EXERCISE PROMPT = Please reproduce the lines from the one containing "Modern farmhouse-style exterior" through the end of the data below exactly as they stand, and omit all pictures.

——

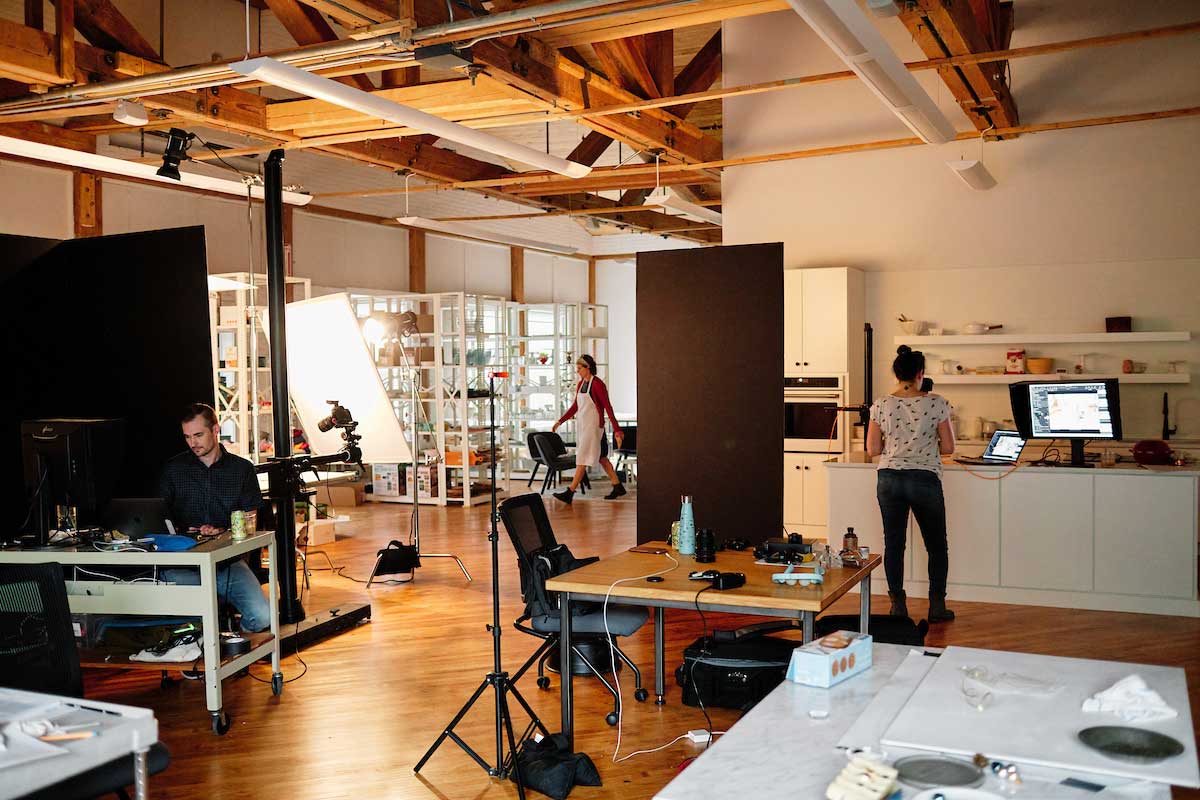 Interior of photo studio, showing photography kitchen, prop shelving, and open space with equipment and tables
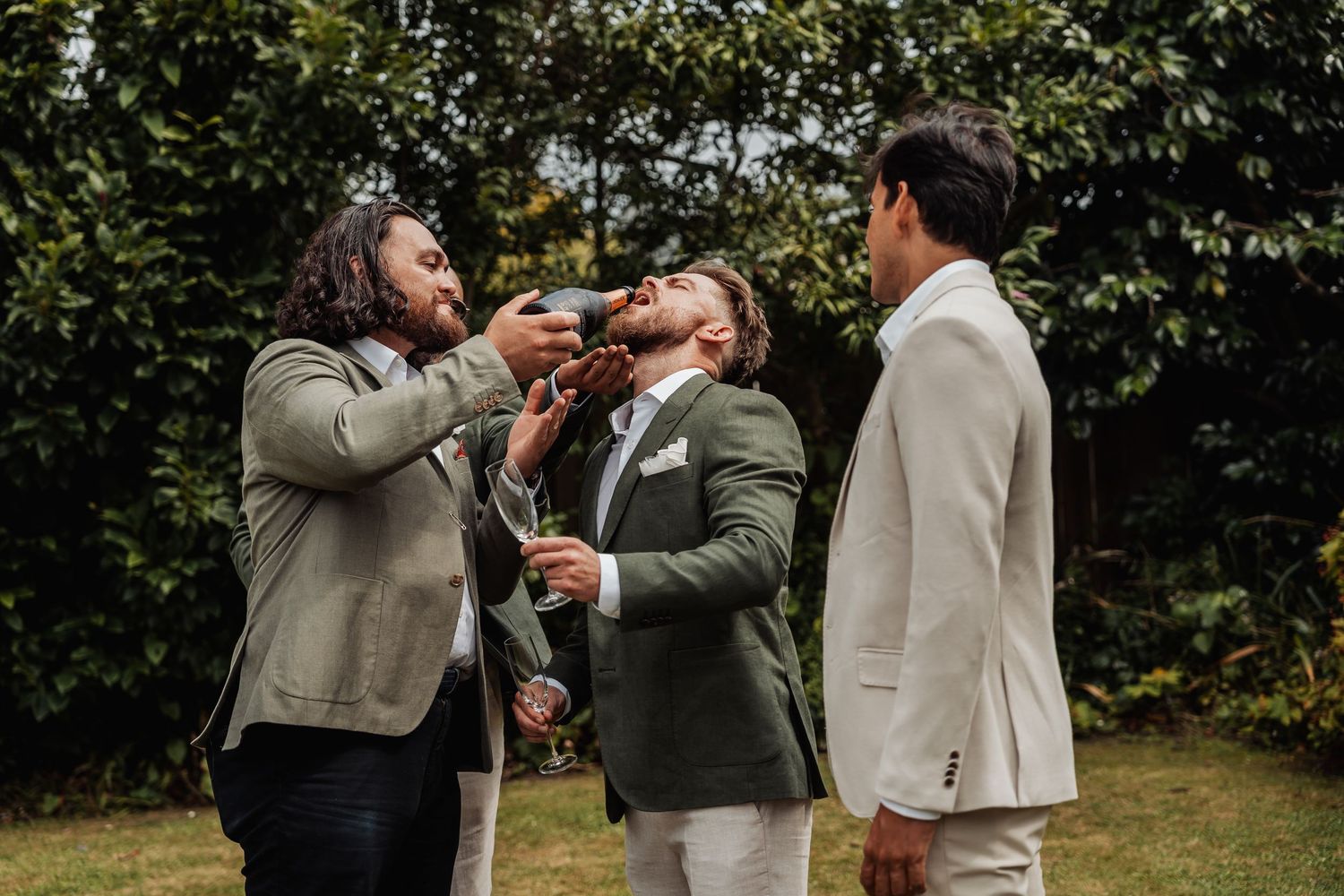 Groomsmen celebrating outdoors, one pouring a drink into another's mouth at a garden wedding.
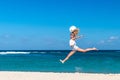 Freedom concept. woman on a beach of Bali island. She is enjoying serene ocean nature during travel holidays Royalty Free Stock Photo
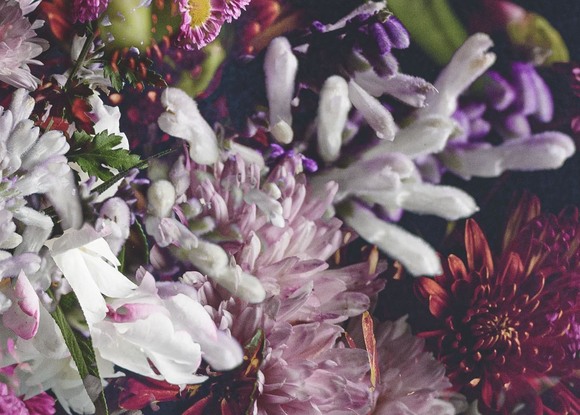 Floral bouquet with vintage glass vase.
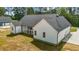 A charming home with white siding, a dark roof, and a well-manicured lawn surrounded by lush greenery at 250 Ellington Rd, Graham, NC 27253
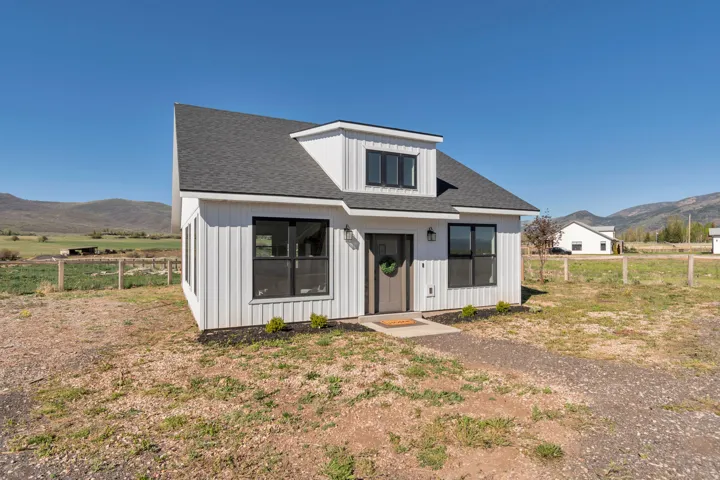 Modern farmhouse-style exterior featuring vertical white siding, black-framed windows, a dark shingled roof, a dormer window, and a clear mountain backdrop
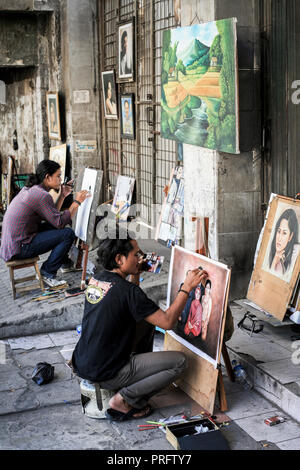 Portrait painters at work in the streets of old Batavia, Jakarta, Indonesia Stock Photo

——

RESPONSE TO THE EXERCISE =
 Modern farmhouse-style exterior featuring vertical white siding, black-framed windows, a dark shingled roof, a dormer window, and a clear mountain backdrop
 Portrait painters at work in the streets of old Batavia, Jakarta, Indonesia Stock Photo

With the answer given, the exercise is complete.